# It May Not Be An Epperlein, But I Like It



## harleymanstan (May 29, 2009)

I didn't get the Epperlein, but have another find I recently acquired, that I'd like to share with the group. I got it on Ebay with a buy it now. It arrived with a broken balance staff, but I had a parts watch, and replaced the balance. It is running like a top now. :thumbup:

It is listed in Pieter Doensen's book "History of the Modern Wristwatch" on page 230 (picture included). The explanation of the watch states: 1966 Lip markets the "Nautic-Ski", a robust diving watch. The movement is a caliber R 184, also known as the "Datolip." This is the first electric watch with date indication.
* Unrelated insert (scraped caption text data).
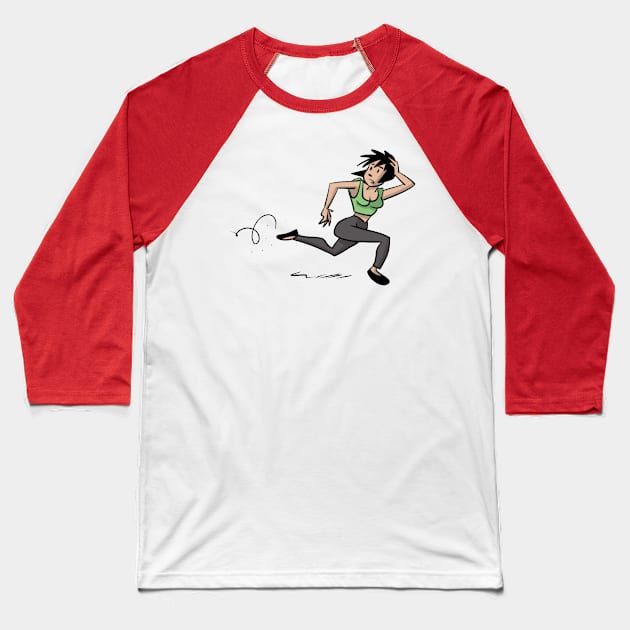 Run Away! Baseball T-Shirt by brightredrocket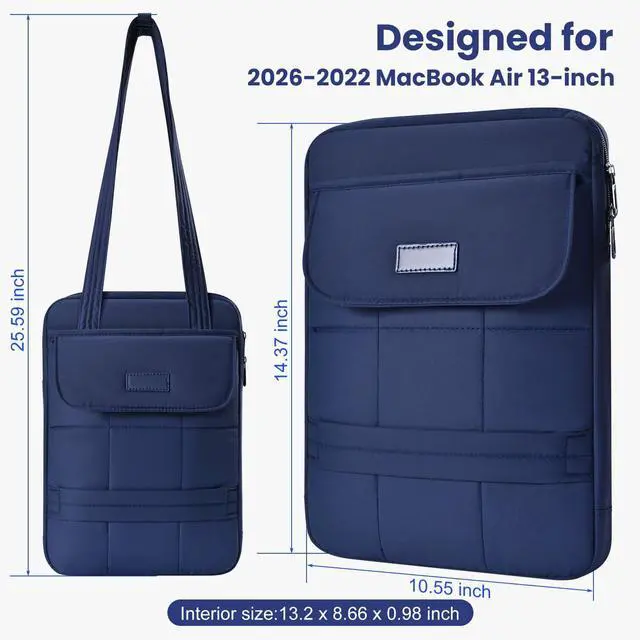 Alt view image 3 of 7 - Puffy Laptop Sleeve 13 inch, Navy Blue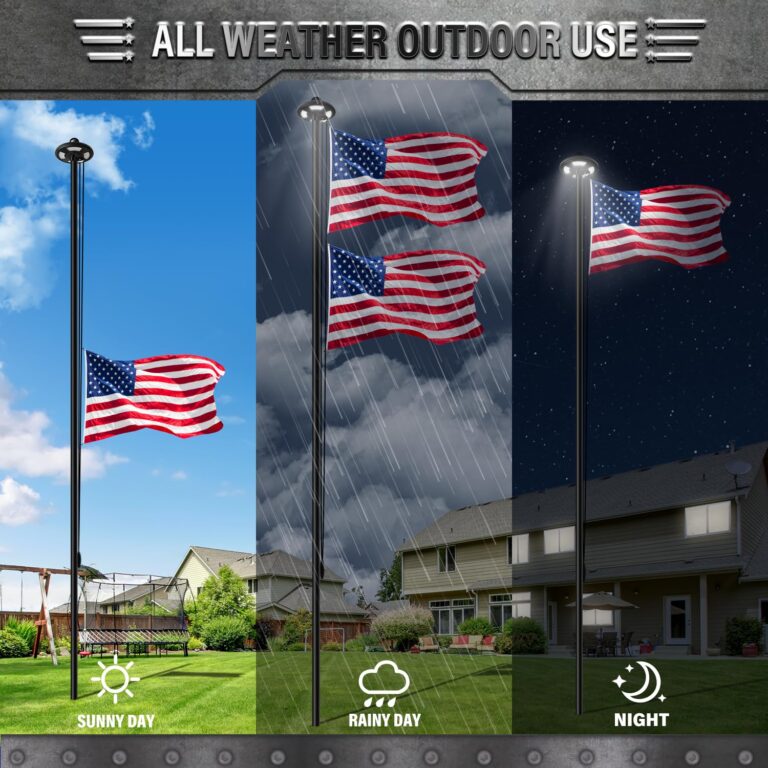 Heavy Duty Flag Pole Kit with Solar Light, 20 FT 12 Gauge Aluminum in Ground Flagpole with 128 LEDs Solar Powered Set for House Outside, with Embroidered American Flag, Residential Commercial, Black - Image 2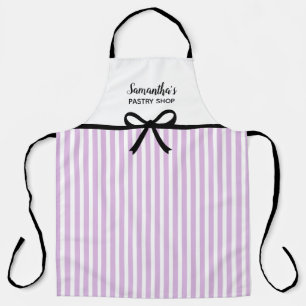 Delantal Salón de cocina personalizado Purple Stripes Bake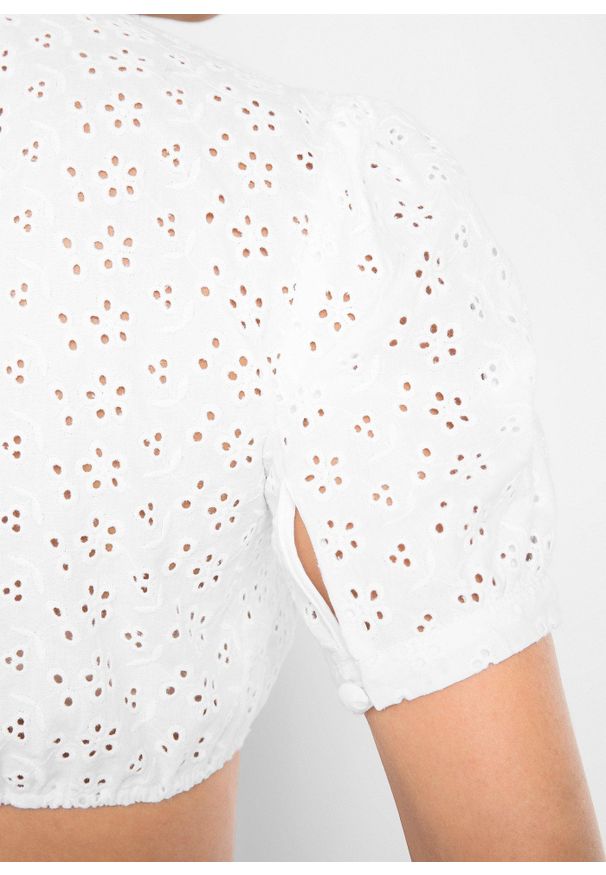 bonprix - Bluzka w ludowym stylu z ażurową koronką. Kolor: biały. Materiał: koronka. Wzór: ażurowy, koronka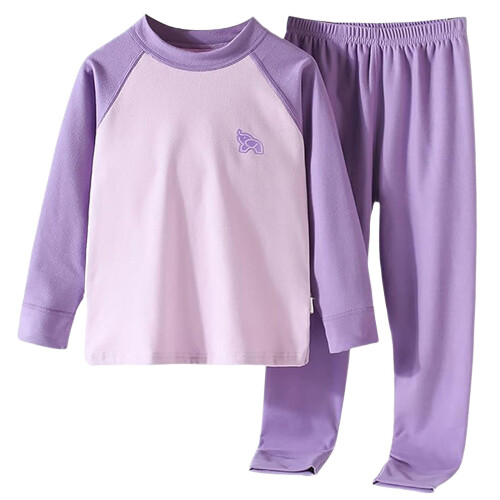 Completo intimo termico per bambini in cotone, 2 pezzi, viola, 3-4 anni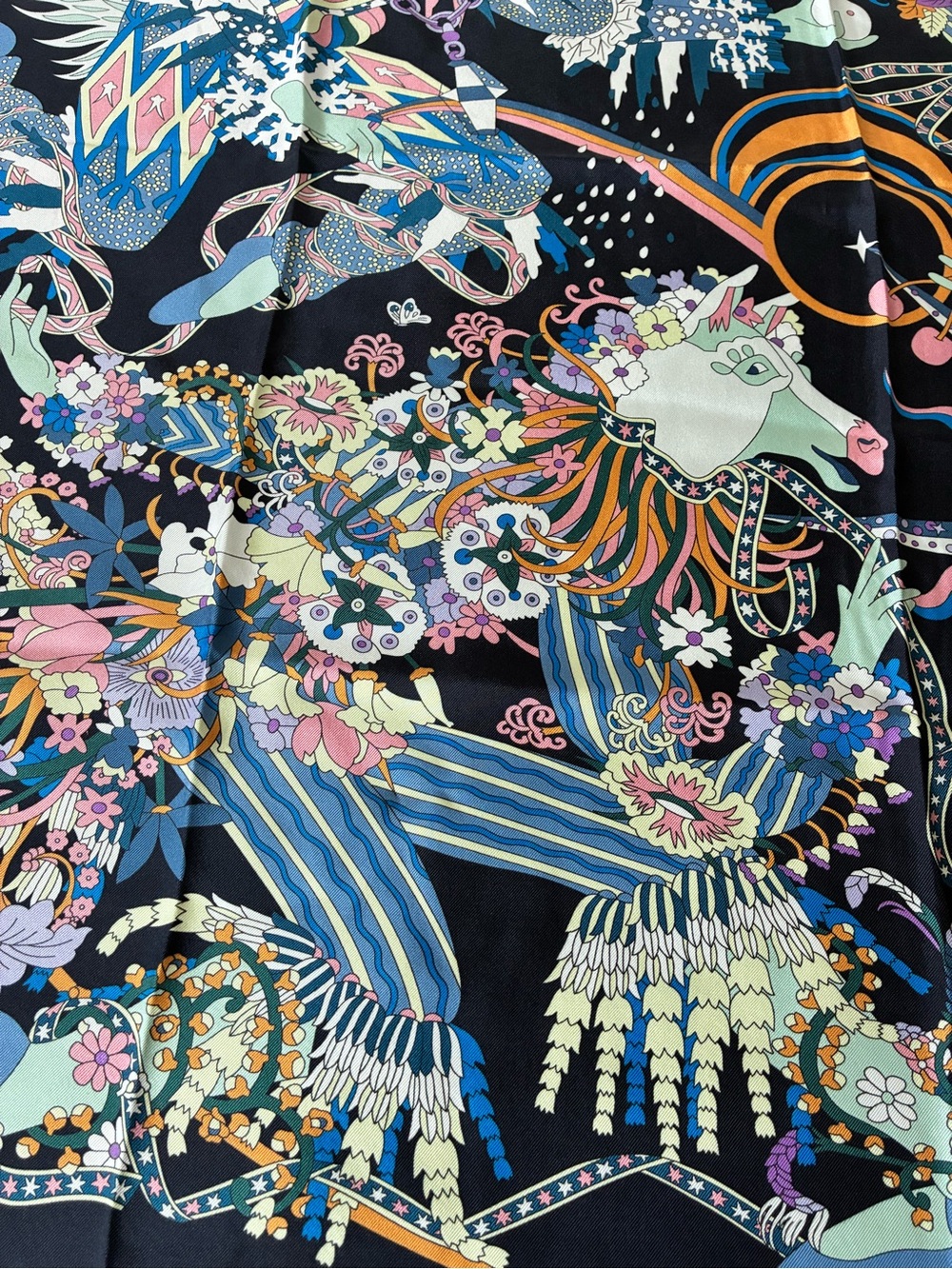 Designer Inspired Whimsical Scarf in Navy and Pastel - Picture 4 of 7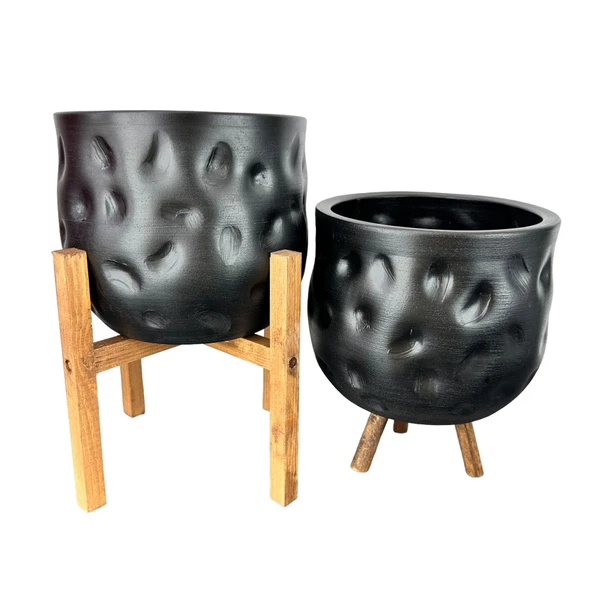 Bitki Tasarımı Ev Dekorasyon Aksesuar Siyah Desenli Toprak Saksı Saksılık Salon Çiçeklik İkili Set 4 Ayak -3 Ayaklı 19 CM - 3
I really like the thick case and the large crowns. The top one rotates the inner bezel, and the bottom one sets the time and date. :cool2: Hope you enjoy the pictures.

harleymanstan


----------



## msq (Feb 18, 2010)

Looks like the dial aged pretty well. Looks great! great find


----------



## mel (Dec 6, 2006)

*C H U N K Y !* Very nice indeed :yes:


----------



## Silver Hawk (Dec 2, 2003)

Unusual to see Belforte *and* LIP on the same dial. Nice catch!

Mine says hello.


----------



## jasonm (Nov 22, 2003)

I do like these Super compressor cases.... Great find


----------



## JonW (Mar 23, 2005)

So beautiful! Great catch!


----------



## martinus_scriblerus (Sep 29, 2008)

Another good one.


----------



## dombox40 (Oct 20, 2008)

Very nice Jarret another good find.


----------



## Larry from Calgary (Jun 5, 2006)

Very nice Jarret.

:thumbup:


----------